I am using D-76 1+1 and Hypam fixer one-shot, so I'm not sure where this fits in the strength/acidity ratings...

So it seems that I am not stopping development, simply emptying/rinsing the tank in preparation for the fixer... and since I am using the fixer as one-shot this should be fine.

Will I need to shorten my dev time or increase my fixing time to compensate? I don't want my negs to change or deteriorate over time!

Thanks,
Christian
 
Thanks for the replies.

I am using D-76 1+1 and Hypam fixer one-shot, so I'm not sure where this fits in the strength/acidity ratings...

So it seems that I am not stopping development, simply emptying/rinsing the tank in preparation for the fixer... and since I am using the fixer as one-shot this should be fine.

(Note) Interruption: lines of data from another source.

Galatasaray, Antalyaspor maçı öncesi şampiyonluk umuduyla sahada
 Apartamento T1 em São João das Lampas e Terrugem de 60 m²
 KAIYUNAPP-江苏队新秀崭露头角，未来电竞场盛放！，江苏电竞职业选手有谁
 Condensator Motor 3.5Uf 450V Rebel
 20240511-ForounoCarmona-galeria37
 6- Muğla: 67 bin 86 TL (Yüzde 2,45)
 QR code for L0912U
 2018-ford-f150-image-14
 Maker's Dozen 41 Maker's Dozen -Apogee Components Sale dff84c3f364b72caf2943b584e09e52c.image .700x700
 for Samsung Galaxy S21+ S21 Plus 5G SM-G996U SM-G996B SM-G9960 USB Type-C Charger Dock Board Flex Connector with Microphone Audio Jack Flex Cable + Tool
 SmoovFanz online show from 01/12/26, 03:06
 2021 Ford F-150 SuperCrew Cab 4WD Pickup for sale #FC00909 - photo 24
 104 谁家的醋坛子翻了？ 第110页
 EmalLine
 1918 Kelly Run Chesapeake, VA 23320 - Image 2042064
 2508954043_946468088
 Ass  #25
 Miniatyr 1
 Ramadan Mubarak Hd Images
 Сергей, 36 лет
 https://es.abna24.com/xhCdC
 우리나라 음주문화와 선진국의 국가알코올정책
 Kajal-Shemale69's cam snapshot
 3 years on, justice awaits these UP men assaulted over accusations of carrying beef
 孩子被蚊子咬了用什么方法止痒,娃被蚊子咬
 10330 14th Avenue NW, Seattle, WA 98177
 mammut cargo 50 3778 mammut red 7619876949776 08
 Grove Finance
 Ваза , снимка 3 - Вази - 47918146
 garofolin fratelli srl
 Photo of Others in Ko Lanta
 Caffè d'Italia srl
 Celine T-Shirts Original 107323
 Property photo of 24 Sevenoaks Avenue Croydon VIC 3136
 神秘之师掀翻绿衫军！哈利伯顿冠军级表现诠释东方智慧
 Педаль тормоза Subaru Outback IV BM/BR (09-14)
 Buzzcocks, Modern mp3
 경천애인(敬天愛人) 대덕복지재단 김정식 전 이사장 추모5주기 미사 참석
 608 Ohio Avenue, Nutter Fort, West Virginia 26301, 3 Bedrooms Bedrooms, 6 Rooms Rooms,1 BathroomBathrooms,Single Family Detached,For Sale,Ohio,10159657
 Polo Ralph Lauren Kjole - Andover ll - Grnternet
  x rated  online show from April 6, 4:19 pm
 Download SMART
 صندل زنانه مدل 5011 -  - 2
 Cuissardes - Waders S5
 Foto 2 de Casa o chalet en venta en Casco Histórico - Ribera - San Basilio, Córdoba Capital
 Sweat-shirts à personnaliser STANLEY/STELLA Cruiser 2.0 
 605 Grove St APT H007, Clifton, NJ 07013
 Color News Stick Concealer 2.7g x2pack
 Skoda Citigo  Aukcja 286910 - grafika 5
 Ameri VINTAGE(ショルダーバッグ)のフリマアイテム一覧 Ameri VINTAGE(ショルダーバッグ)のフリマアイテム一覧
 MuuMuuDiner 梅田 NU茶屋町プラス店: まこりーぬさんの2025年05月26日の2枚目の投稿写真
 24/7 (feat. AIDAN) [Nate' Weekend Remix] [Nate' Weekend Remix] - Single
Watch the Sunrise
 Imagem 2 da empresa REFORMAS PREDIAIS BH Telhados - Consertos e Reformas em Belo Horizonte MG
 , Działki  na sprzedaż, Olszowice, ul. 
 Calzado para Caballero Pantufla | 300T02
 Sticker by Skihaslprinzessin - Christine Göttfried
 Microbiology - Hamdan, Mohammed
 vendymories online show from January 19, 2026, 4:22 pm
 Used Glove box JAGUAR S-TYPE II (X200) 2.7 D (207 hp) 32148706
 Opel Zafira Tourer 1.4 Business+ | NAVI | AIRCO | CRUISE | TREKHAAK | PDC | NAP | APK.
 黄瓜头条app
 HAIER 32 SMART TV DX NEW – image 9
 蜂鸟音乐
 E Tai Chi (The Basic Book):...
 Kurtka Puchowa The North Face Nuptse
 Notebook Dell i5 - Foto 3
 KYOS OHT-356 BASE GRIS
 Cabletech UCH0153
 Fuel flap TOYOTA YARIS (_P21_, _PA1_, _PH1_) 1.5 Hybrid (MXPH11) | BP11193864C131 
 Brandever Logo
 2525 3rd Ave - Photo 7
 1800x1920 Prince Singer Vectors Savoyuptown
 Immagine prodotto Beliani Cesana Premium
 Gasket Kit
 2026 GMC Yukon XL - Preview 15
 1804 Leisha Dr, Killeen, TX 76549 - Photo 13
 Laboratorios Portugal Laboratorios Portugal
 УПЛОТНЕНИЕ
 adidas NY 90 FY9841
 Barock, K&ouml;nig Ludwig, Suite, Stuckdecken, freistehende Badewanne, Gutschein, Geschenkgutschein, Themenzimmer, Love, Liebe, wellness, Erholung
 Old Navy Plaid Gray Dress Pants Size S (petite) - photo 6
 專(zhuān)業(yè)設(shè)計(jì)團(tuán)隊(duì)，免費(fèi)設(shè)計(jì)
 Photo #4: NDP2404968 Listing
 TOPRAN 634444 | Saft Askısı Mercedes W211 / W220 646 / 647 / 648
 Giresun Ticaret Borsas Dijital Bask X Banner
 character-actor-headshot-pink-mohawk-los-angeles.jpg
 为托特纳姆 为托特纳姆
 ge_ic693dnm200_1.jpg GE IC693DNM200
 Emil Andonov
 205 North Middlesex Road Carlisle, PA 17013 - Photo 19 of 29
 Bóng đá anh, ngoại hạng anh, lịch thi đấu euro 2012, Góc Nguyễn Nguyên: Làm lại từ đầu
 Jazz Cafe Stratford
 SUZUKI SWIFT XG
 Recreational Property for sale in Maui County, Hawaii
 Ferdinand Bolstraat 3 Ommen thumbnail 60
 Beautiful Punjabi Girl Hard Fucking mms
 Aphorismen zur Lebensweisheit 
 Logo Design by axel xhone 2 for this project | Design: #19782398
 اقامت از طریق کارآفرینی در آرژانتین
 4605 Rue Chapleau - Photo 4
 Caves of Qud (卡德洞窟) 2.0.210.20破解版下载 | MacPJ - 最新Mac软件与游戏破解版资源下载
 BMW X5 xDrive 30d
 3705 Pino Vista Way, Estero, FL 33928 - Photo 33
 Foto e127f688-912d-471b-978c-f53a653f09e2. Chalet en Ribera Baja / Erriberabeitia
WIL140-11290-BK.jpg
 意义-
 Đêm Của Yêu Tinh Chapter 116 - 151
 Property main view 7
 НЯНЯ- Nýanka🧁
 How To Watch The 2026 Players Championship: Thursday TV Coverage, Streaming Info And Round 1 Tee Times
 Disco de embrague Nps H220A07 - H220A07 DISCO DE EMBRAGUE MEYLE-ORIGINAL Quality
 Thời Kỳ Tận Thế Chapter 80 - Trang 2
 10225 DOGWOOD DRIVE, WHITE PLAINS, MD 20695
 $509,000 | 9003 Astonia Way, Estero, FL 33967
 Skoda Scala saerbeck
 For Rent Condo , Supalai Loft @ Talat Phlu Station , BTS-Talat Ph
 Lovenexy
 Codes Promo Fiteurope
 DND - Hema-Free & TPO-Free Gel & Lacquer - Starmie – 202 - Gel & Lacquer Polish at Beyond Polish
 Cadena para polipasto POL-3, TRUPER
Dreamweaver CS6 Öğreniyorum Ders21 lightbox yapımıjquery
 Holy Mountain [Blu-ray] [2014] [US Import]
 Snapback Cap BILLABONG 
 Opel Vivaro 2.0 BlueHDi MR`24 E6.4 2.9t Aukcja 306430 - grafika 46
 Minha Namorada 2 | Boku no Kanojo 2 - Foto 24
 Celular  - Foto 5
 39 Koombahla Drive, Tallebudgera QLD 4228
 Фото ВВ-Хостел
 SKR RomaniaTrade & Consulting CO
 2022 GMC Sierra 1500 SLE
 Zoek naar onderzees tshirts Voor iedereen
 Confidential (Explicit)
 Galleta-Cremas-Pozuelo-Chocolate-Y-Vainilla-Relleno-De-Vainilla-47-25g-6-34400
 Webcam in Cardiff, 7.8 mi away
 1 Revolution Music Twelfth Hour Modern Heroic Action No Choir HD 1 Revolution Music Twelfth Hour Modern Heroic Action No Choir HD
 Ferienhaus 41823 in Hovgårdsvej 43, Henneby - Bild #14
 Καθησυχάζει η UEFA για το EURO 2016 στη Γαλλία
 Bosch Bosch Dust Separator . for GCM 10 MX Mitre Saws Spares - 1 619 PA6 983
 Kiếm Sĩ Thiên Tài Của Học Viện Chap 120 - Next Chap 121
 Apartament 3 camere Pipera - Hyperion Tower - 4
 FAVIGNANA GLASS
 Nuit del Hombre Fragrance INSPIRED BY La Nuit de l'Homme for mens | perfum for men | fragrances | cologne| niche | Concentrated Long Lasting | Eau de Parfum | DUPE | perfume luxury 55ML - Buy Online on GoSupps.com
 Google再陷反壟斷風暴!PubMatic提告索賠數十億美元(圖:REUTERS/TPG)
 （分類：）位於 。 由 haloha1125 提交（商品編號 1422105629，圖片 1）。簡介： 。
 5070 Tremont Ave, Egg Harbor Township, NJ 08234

Will I need to shorten my dev time or increase my fixing time to compensate? I don't want my negs to change or deteriorate over time!

Thanks,
Christian


Nothing to change in the routines/schedules.

D76 1+1 is not that alkaline so it will rinse off easily. However, make sure you agitate thoroughly for the first minute (continuous would more like it) in the fixer to make sure the developer is stopped by the acid, and that fixing starts simultaneously on the entire film's surface.

Not using a stop bath will not cause your negatives to bad....bad (final) washing will.
 
Nothing to change in the routines/schedules.

D76 1+1 is not that alkaline so it will rinse off easily. However, make sure you agitate thoroughly for the first minute (continuous would more like it) in the fixer to make sure the developer is stopped by the acid, and that fixing starts simultaneously on the entire film's surface.

Not using a stop bath will not cause your negatives to bad....bad (final) washing will.

Thanks!!!

I have the Paterson force film washer and I'll be washing VERY thoroughly!